Ah, but what about the bit about putting your life at risk by performing first? Yes, but not all covenants are like that. If I promise you my bucket for your barrel, it’s hard to see how death would result if you wound up with neither bucket nor barrel at the end. Hobbes’s own example is like this. How do the pirates put their lives at risk by releasing me for ransom? They have everything to gain and nothing to lose but the pleasure of killing me in an amusing way.

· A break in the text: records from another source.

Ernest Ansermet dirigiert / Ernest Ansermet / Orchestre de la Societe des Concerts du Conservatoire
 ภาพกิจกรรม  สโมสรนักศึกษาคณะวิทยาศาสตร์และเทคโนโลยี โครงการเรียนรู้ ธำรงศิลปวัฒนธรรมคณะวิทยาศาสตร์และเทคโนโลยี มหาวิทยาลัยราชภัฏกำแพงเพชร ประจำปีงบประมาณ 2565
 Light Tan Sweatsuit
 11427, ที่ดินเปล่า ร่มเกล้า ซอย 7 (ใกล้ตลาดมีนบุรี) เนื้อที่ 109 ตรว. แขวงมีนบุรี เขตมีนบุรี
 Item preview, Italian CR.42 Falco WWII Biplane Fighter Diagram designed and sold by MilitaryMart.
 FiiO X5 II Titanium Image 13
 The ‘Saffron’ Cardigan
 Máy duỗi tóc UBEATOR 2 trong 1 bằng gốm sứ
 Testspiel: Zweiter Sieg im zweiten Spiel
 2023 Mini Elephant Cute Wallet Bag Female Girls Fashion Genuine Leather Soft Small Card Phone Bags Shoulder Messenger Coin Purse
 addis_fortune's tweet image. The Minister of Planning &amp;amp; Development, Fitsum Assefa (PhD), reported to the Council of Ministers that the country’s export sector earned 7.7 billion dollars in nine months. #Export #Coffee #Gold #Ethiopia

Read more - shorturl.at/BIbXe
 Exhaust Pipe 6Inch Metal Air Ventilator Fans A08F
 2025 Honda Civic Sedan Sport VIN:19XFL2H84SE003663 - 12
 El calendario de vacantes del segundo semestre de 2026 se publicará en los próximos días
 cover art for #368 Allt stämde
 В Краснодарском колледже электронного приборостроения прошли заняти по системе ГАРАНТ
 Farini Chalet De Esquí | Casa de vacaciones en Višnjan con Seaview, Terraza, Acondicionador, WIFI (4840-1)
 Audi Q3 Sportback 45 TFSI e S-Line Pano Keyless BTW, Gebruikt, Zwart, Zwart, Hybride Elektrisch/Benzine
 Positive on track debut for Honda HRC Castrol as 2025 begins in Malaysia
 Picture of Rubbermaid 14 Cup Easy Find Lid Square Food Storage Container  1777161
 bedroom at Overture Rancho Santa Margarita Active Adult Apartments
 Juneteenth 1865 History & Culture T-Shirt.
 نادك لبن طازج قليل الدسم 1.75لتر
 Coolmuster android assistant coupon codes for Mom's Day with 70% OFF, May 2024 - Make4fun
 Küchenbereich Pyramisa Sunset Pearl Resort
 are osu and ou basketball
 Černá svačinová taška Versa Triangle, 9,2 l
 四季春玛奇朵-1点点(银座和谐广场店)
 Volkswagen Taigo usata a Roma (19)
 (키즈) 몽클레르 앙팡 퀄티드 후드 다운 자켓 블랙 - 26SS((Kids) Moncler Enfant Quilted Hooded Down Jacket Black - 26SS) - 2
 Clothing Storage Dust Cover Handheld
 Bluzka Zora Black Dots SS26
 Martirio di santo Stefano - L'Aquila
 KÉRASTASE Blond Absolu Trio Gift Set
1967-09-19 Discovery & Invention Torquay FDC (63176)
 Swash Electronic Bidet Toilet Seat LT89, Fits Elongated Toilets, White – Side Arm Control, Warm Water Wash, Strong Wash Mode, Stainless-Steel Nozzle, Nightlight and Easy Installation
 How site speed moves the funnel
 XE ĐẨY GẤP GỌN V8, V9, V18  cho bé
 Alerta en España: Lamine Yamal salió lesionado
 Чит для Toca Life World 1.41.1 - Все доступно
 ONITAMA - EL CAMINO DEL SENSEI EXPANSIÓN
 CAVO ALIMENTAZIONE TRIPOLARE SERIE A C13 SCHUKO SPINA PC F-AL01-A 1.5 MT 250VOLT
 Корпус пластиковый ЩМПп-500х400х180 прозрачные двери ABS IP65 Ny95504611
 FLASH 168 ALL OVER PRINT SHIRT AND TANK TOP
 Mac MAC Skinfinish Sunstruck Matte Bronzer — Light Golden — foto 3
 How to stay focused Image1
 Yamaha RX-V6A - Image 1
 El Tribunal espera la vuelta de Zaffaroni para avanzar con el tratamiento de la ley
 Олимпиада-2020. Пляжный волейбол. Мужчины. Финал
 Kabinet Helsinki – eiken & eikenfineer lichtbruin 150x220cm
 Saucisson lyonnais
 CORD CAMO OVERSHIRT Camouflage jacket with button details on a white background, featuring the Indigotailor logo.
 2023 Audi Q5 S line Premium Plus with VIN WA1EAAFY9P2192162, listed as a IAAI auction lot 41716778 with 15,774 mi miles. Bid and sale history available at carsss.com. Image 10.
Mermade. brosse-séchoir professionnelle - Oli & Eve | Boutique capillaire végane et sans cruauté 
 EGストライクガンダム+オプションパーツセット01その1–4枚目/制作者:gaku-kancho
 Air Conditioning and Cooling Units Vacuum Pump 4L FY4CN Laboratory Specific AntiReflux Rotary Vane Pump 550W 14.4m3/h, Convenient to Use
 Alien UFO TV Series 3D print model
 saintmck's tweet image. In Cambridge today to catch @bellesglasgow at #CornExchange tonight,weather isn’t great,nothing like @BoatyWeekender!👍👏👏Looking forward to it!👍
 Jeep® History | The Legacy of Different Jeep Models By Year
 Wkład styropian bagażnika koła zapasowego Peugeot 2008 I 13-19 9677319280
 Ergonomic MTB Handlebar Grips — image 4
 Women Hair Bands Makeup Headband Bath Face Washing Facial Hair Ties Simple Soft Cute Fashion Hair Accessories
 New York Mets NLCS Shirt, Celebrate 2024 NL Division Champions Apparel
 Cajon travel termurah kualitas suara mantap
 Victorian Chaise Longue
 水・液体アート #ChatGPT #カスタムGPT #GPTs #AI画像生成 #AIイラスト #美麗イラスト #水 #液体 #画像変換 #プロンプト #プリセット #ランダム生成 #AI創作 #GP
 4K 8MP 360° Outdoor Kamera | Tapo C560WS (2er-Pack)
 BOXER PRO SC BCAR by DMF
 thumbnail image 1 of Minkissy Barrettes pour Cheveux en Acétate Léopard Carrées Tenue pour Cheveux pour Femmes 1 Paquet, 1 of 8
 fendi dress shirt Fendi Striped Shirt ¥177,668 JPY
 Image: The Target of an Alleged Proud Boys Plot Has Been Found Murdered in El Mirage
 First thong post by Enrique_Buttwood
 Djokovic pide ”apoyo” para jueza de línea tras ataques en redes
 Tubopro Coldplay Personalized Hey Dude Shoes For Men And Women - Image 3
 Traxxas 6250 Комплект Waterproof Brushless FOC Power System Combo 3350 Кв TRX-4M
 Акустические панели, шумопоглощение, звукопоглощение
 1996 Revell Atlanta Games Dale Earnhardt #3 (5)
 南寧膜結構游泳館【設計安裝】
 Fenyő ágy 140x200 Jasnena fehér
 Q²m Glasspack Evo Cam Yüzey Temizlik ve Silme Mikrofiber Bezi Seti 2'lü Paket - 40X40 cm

Furthermore, Hobbes himself is the one who argued that it is sensible to keep covenants even in the state of nature. That’s the conclusion to his famous reply to the Fool at the beginning of ch. 15. We’ll start there next time with two questions:

  1. Is the reply successful? Does he show that keeping one’s word really is necessary to save one’s skin?
  2. Is the reply too successful? Does he show that people in the state of nature would keep their covenants even without the state? If so, he would have short-circuited his argument for the state. Remember, that relies on showing that the state of nature is impossibly lousy.

What are the laws of nature?

Max put his finger on a touchy question. The honest answer is that no one really knows.

On the one hand, the laws of nature sure look like, well, laws. And I don’t mean physical laws: you can break them. Rather, they require, oblige, command, define rights, tell us when covenants are valid or invalid, and so on. They do many of the things that human legal systems do.

But since these “laws” are supposed to exist even in the state of nature, how could they be laws? By hypothesis, people in the state of nature lack government. So there are no legal institutions to make laws.

Well, there is one possible lawgiver: God! But at the end of Ch. 15 Hobbes seems to say that he hasn’t proven that the laws of nature are God’s laws. (Some scholars think he even meant to deny that they are. I disagree. I think that he was just saying that the theory up to that point had not proven that they are God’s laws. Only scripture could do that and scripture goes beyond natural reason, which all human beings have, to the special revelations given only to Christians. But this is controversial and those scholars may be right. At the very least, Hobbes clearly thought he had achieved something independent of proving that the laws of nature are divine laws).

It doesn’t help that Hobbes starts off by rattling off definitions in the style of a geometrical proof. It looks a lot like the way Euclid’s Elements begins. Hobbes would have done us a big favor if he had explained what he was going to do first.

But he didn’t.

So what should we do? I think the best rule of thumb is to treat them as literally as possible, as laws, until there’s firm textual evidence of a better way of understanding what he meant.